1) Value of life vs. value of species/society

2) Leverage

While I think what Bill Gates does is absolutely a noble cause and will
improve the lives of millions (if not billions), it is not necessarily the
most effective way to fix humanity.

I say this because of #2, leverage. Levers as in force multipliers, as in
things that have a meaningful impact on the world. Currently, the largest
levers on the planet seem to be corporations and most of the corporations have
very selfish, short term goals. This is nothing short of a tragedy and if we
can apply a few multi-billion dollar levers appropriately then our world will
almost immediately become a much better place.

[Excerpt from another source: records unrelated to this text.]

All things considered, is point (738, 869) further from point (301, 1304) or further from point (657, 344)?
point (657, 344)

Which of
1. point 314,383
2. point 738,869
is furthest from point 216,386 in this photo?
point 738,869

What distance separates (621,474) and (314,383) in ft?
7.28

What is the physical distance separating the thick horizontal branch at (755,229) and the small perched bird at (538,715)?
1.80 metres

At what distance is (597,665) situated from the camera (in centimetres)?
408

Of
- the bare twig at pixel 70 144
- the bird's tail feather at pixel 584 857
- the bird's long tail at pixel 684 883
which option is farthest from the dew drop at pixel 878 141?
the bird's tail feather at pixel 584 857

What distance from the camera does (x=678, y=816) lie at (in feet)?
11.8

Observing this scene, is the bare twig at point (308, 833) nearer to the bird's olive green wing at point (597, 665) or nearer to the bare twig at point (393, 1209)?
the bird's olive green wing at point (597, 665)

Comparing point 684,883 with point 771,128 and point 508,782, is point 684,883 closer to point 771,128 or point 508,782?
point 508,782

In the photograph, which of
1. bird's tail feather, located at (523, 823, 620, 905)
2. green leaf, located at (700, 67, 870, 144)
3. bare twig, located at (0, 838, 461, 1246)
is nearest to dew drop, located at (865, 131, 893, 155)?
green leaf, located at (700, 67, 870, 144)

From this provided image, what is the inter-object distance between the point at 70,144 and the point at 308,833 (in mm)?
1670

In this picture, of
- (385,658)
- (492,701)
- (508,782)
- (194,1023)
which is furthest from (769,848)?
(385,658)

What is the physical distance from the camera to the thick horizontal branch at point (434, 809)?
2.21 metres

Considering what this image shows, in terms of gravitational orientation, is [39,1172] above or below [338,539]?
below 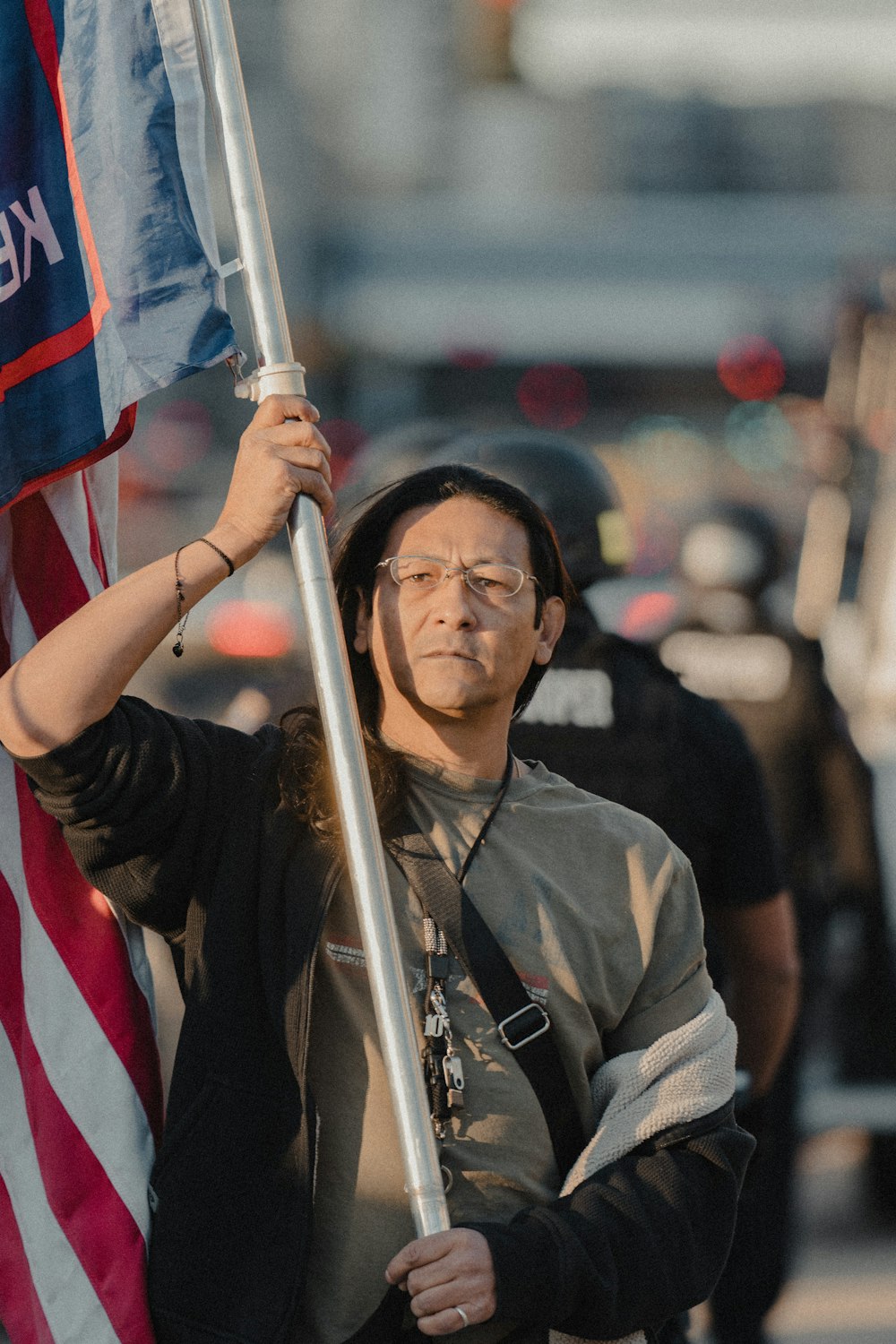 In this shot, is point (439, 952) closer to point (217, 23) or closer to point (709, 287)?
point (217, 23)

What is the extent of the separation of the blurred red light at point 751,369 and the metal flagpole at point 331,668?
26510 millimetres

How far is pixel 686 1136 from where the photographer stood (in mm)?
2396

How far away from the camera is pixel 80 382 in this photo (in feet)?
8.51

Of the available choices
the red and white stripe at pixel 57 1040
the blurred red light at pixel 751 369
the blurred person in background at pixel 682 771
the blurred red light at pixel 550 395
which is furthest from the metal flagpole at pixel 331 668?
the blurred red light at pixel 550 395

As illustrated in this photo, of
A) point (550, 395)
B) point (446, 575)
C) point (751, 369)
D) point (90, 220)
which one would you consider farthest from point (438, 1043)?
point (550, 395)

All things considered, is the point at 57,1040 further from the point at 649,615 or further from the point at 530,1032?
the point at 649,615

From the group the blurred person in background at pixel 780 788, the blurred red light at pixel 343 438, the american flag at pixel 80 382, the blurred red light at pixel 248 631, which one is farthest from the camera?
the blurred red light at pixel 343 438

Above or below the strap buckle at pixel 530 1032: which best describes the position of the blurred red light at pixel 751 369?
below

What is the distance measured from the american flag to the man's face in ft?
1.31

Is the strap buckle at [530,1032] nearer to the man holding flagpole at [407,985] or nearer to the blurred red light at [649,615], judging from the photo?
the man holding flagpole at [407,985]

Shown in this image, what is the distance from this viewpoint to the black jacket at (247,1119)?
7.47 feet

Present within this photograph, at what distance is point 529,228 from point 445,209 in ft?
6.19

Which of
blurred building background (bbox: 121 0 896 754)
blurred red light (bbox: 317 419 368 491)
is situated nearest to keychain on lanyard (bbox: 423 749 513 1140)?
blurred red light (bbox: 317 419 368 491)

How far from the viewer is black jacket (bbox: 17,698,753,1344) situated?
7.47 ft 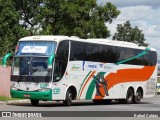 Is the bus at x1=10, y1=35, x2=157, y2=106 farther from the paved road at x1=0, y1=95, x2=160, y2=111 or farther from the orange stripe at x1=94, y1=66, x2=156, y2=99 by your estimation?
the paved road at x1=0, y1=95, x2=160, y2=111

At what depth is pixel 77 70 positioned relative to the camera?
25.1 meters

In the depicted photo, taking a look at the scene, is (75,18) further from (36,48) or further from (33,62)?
(33,62)

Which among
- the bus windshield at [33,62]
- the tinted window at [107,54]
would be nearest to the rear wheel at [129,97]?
the tinted window at [107,54]

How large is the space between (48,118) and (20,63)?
24.1 ft

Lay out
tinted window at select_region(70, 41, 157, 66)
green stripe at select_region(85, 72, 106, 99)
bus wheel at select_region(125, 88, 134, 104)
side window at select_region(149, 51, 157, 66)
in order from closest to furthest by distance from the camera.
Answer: tinted window at select_region(70, 41, 157, 66), green stripe at select_region(85, 72, 106, 99), bus wheel at select_region(125, 88, 134, 104), side window at select_region(149, 51, 157, 66)

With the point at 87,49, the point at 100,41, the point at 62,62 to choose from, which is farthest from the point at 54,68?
the point at 100,41

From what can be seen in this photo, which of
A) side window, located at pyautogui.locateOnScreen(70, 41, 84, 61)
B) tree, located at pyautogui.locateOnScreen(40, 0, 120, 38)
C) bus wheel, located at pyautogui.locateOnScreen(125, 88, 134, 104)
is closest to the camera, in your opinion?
side window, located at pyautogui.locateOnScreen(70, 41, 84, 61)

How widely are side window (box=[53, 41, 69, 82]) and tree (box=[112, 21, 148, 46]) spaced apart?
57745 millimetres

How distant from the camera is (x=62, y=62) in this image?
23.7 metres

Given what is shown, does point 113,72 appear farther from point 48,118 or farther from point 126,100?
point 48,118

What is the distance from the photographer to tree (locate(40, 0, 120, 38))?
Result: 46.7 meters

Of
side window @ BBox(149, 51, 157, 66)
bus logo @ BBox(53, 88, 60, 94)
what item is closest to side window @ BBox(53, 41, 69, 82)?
bus logo @ BBox(53, 88, 60, 94)

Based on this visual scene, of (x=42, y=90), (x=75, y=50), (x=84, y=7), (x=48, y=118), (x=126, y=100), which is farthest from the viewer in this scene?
(x=84, y=7)

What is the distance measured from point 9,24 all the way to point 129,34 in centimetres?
4118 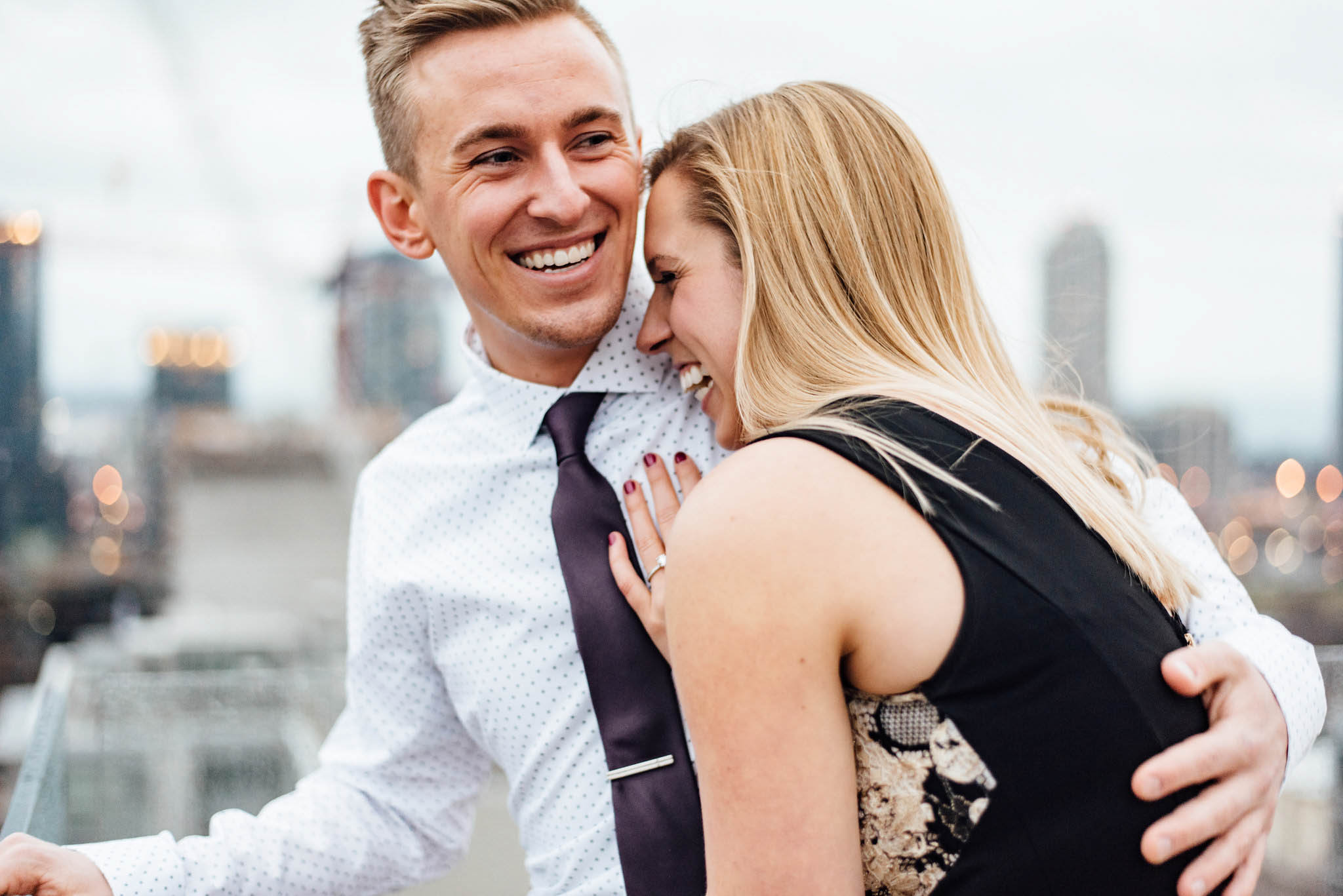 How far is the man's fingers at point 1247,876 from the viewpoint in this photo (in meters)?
1.04

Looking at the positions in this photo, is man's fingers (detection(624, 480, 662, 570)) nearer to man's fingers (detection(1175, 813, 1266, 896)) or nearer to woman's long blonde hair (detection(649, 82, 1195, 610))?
woman's long blonde hair (detection(649, 82, 1195, 610))

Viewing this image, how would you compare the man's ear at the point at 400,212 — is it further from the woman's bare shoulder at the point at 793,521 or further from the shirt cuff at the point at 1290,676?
the shirt cuff at the point at 1290,676

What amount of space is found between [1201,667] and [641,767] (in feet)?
2.44

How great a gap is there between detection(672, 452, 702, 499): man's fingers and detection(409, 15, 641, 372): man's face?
0.95 feet

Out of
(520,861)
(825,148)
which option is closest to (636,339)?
(825,148)

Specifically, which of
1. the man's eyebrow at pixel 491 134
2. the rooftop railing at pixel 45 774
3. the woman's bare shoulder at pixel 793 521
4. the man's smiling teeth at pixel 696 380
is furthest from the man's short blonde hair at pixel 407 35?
the rooftop railing at pixel 45 774

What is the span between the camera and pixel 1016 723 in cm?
93

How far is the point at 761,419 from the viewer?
1.21 meters

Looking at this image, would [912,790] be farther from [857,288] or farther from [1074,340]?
[1074,340]

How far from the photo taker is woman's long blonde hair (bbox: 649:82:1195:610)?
1.11 m

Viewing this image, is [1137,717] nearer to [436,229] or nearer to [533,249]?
[533,249]

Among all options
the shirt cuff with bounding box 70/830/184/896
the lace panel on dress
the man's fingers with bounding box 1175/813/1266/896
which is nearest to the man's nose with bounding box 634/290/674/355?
the lace panel on dress

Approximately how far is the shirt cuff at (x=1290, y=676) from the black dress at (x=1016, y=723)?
242 millimetres

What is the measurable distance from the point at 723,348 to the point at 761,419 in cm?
20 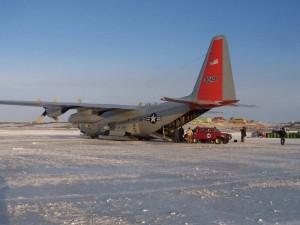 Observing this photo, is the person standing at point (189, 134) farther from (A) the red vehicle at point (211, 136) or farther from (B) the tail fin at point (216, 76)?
(B) the tail fin at point (216, 76)

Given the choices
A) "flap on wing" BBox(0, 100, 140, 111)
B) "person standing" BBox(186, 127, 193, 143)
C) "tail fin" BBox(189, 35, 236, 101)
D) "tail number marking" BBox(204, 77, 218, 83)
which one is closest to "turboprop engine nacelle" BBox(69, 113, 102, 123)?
"flap on wing" BBox(0, 100, 140, 111)

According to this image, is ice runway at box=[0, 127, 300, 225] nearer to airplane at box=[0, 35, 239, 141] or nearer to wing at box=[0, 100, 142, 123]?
airplane at box=[0, 35, 239, 141]

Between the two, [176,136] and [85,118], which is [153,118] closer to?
[176,136]

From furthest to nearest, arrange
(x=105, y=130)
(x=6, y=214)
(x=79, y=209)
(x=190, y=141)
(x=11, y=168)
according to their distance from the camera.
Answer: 1. (x=105, y=130)
2. (x=190, y=141)
3. (x=11, y=168)
4. (x=79, y=209)
5. (x=6, y=214)

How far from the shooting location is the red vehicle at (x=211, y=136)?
2642 centimetres

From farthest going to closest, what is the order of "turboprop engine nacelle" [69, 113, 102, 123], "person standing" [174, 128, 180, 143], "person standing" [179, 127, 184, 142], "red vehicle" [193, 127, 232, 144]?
"turboprop engine nacelle" [69, 113, 102, 123] → "person standing" [179, 127, 184, 142] → "person standing" [174, 128, 180, 143] → "red vehicle" [193, 127, 232, 144]

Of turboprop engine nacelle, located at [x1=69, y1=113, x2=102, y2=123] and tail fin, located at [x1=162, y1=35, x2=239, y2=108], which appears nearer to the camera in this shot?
tail fin, located at [x1=162, y1=35, x2=239, y2=108]

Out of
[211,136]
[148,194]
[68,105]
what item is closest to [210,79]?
[211,136]

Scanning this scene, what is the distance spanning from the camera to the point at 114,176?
10.5 metres

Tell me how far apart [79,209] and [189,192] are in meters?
2.72

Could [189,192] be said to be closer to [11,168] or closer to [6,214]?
[6,214]

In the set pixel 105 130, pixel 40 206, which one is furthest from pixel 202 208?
pixel 105 130

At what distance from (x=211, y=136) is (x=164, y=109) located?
400cm

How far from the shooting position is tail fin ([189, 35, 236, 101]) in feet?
75.9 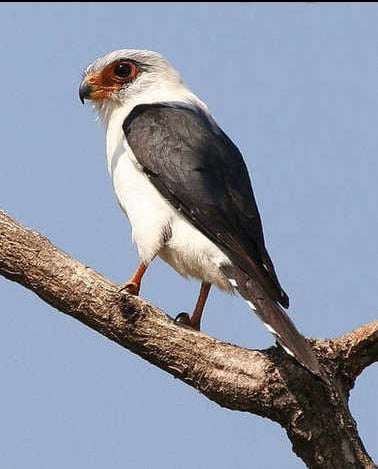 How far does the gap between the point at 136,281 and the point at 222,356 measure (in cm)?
130

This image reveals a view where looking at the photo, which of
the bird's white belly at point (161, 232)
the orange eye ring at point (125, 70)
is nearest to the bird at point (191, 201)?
the bird's white belly at point (161, 232)

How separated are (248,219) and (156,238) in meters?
0.70

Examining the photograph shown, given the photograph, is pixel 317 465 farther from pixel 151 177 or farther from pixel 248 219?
pixel 151 177

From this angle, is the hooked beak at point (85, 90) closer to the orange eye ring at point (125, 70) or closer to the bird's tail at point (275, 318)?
the orange eye ring at point (125, 70)

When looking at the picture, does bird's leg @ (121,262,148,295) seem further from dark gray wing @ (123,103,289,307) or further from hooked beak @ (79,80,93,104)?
hooked beak @ (79,80,93,104)

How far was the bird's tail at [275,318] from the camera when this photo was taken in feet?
21.0

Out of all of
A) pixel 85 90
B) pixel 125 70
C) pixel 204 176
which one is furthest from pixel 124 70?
pixel 204 176

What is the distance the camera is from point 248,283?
725 centimetres

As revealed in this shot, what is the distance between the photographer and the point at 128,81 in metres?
9.29

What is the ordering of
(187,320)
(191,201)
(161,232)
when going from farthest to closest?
1. (187,320)
2. (161,232)
3. (191,201)

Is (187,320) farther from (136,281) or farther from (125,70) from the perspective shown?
(125,70)

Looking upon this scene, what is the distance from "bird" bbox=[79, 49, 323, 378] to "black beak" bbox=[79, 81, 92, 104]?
1.03ft

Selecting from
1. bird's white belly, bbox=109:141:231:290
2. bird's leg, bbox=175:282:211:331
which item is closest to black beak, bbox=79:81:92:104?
bird's white belly, bbox=109:141:231:290

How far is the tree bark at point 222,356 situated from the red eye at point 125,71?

You can argue that the hyper loop is a first world problem and doesn't help
the majority of the impoverished world. Here's a counter point for you: One of
the main reasons we don't ship off all the food wasted in the US is because
transportation sucks, if we had a hyper efficient means of transportation then
all sorts of options open up for moving food and other goods (water?) to areas
in need.

The fact is, cheaper and more efficient transportation/communication breaks
down barriers and has a stabilizing effect on humanity. Cheaper and more
abundant power results in higher quality of life. New medical tools and
techniques eliminate suffering. Anything you can do altruistically, you can do
far more efficiently (and more sustainably) with a proper technological
solution.

Luckily this is not an either/or and approaching the problem from both ends is
obviously ideal.

------
nickbauman
This is exactly why the inequality gap will grow, not shrink, and not for any
good reason, like "meritocracy" (read: "mirrortocracy")

Remember Peter Norvig's proof that increasing inequality is not the result of
virtue or fitness of the winners, but merely a statistical phenomenon:

[http://nbviewer.ipython.org/url/norvig.com/ipython/Economics...](http://nbviewer.ipython.org/url/norvig.com/ipython/Economics.ipynb)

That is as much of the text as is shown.